Task prompt. Wherever a picture appears in the listing, leave it out, and copy the rest exactly.
:::
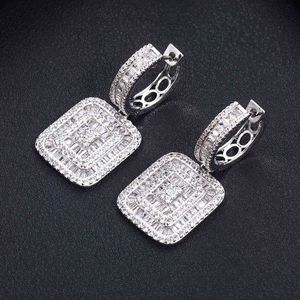 Janekelly Iced out Hip Hop Große Ohrringe Für Frauen Hochzeit Geometrische Tropfen Ohrring Brincos Weibliche DIY Mode Schmuck Geschenk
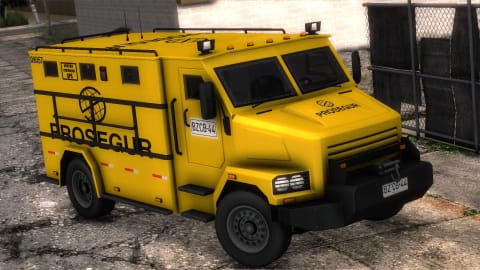 Vehiculo blindado Prosegur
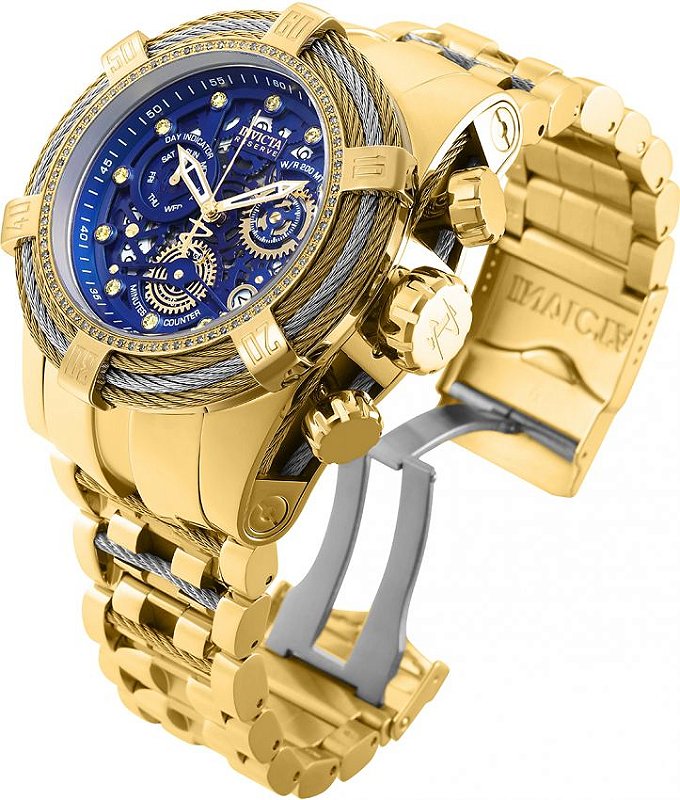 invicta bolt zeus banhado a ouro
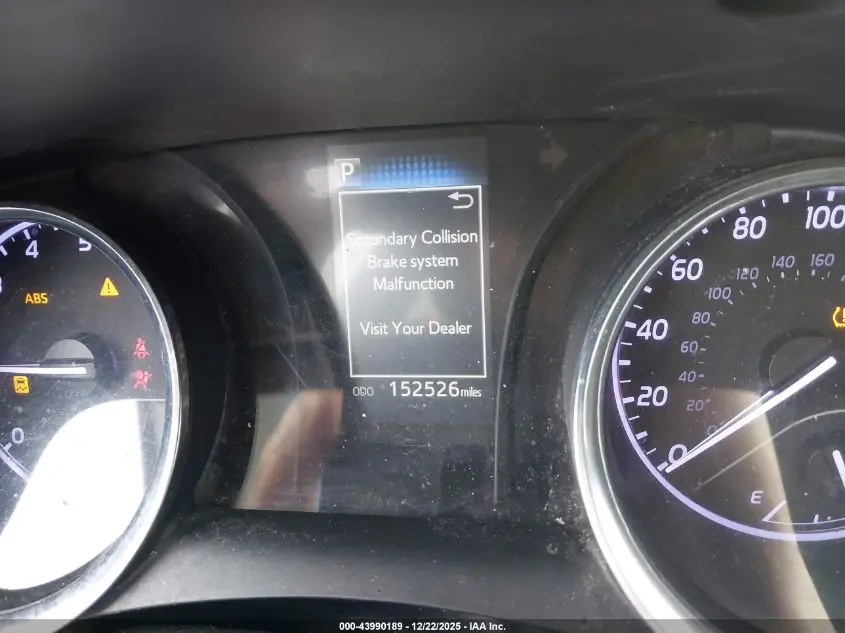 2020 TOYOTA CAMRY LE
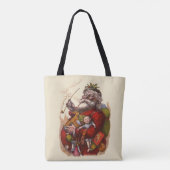 サンタクロースビクトリアンパイプ玩具 トートバッグ (裏面)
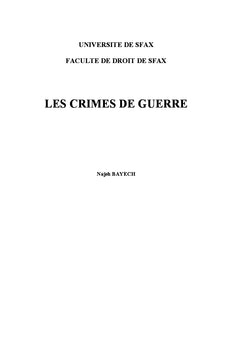 Les crimes de guerre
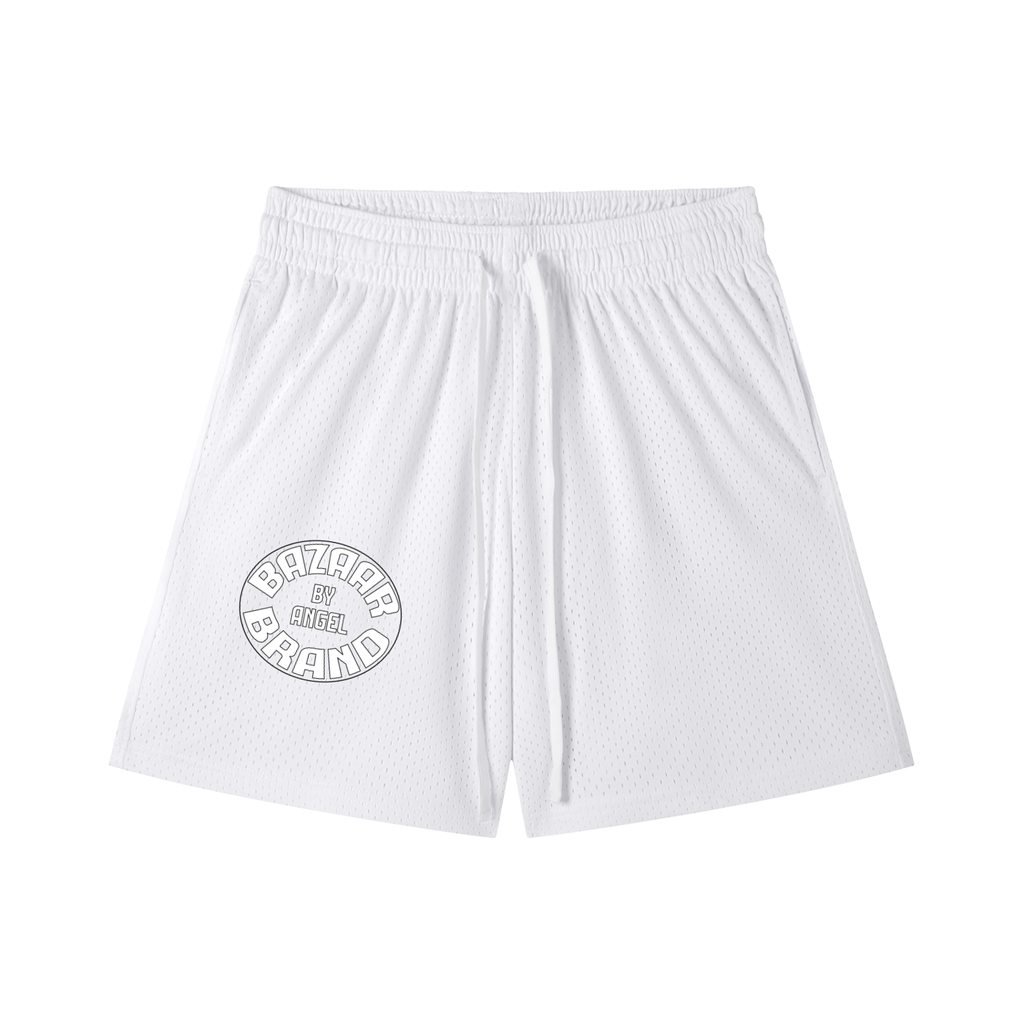 Mesh Drawstring Shorts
:::
Result below.
 Janekelly Iced out Hip Hop Große Ohrringe Für Frauen Hochzeit Geometrische Tropfen Ohrring Brincos Weibliche DIY Mode Schmuck Geschenk
 Vehiculo blindado Prosegur
 invicta bolt zeus banhado a ouro
 2020 TOYOTA CAMRY LE
 サンタクロースビクトリアンパイプ玩具 トートバッグ (裏面)
 Les crimes de guerre
 Mesh Drawstring Shorts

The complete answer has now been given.